3D Compositional Zero-shot Learning with DeCompositional Consensus
This work addresses the challenge of part composability across unseen object classes in 3D point cloud segmentation, which is an incremental advancement in zero-shot learning for computer vision.
The paper tackles the problem of part generalization from seen to unseen object classes for 3D semantic segmentation by introducing 3D Compositional Zero-shot Learning and benchmarking it with the Compositional-PartNet dataset. The proposed DeCompositional Consensus method achieves state-of-the-art results on compositional zero-shot segmentation and generalized zero-shot classification tasks.

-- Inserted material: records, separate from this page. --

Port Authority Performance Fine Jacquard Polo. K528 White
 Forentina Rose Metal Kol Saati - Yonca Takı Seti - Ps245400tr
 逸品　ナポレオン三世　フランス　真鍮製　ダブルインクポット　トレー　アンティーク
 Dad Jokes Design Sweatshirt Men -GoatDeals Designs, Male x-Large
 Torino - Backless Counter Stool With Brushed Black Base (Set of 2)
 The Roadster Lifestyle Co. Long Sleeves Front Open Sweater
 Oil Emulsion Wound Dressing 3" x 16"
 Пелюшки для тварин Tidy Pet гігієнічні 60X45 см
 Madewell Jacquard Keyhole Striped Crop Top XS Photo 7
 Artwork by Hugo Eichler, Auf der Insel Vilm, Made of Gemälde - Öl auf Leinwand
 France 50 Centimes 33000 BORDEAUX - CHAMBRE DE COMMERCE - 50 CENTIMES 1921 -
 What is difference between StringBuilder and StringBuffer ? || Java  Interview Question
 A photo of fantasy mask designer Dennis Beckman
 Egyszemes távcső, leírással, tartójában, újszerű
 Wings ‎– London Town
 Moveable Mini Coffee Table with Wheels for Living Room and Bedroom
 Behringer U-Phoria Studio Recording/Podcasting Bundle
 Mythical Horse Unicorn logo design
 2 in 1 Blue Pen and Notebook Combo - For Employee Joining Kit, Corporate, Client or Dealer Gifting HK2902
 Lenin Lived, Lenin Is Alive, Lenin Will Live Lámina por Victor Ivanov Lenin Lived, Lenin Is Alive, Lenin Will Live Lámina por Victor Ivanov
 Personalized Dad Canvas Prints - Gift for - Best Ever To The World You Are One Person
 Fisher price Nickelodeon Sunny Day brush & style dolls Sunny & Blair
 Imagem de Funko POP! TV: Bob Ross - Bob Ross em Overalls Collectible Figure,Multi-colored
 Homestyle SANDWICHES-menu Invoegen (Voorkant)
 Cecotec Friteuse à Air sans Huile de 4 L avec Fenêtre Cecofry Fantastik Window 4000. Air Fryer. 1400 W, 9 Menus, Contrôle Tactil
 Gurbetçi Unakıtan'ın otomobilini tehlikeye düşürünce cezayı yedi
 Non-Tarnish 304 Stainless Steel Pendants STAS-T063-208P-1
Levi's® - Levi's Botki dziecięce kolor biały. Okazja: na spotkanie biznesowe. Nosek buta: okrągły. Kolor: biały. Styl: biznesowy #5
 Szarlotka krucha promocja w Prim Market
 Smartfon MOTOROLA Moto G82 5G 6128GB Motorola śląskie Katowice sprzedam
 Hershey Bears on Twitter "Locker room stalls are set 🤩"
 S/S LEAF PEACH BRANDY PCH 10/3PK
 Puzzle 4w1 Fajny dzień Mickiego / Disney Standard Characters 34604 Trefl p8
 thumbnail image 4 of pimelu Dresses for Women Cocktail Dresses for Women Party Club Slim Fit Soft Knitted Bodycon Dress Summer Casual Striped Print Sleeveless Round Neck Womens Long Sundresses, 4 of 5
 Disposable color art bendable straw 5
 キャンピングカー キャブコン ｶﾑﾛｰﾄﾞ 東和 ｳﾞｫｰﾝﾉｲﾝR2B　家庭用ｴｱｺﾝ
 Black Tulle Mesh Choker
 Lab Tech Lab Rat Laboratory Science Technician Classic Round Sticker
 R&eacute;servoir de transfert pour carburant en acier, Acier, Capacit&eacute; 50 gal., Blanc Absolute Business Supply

Parts represent a basic unit of geometric and semantic similarity across different objects. We argue that part knowledge should be composable beyond the observed object classes. Towards this, we present 3D Compositional Zero-shot Learning as a problem of part generalization from seen to unseen object classes for semantic segmentation. We provide a structured study through benchmarking the task with the proposed Compositional-PartNet dataset. This dataset is created by processing the original PartNet to maximize part overlap across different objects. The existing point cloud part segmentation methods fail to generalize to unseen object classes in this setting. As a solution, we propose DeCompositional Consensus, which combines a part segmentation network with a part scoring network. The key intuition to our approach is that a segmentation mask over some parts should have a consensus with its part scores when each part is taken apart. The two networks reason over different part combinations defined in a per-object part prior to generate the most suitable segmentation mask. We demonstrate that our method allows compositional zero-shot segmentation and generalized zero-shot classification, and establishes the state of the art on both tasks.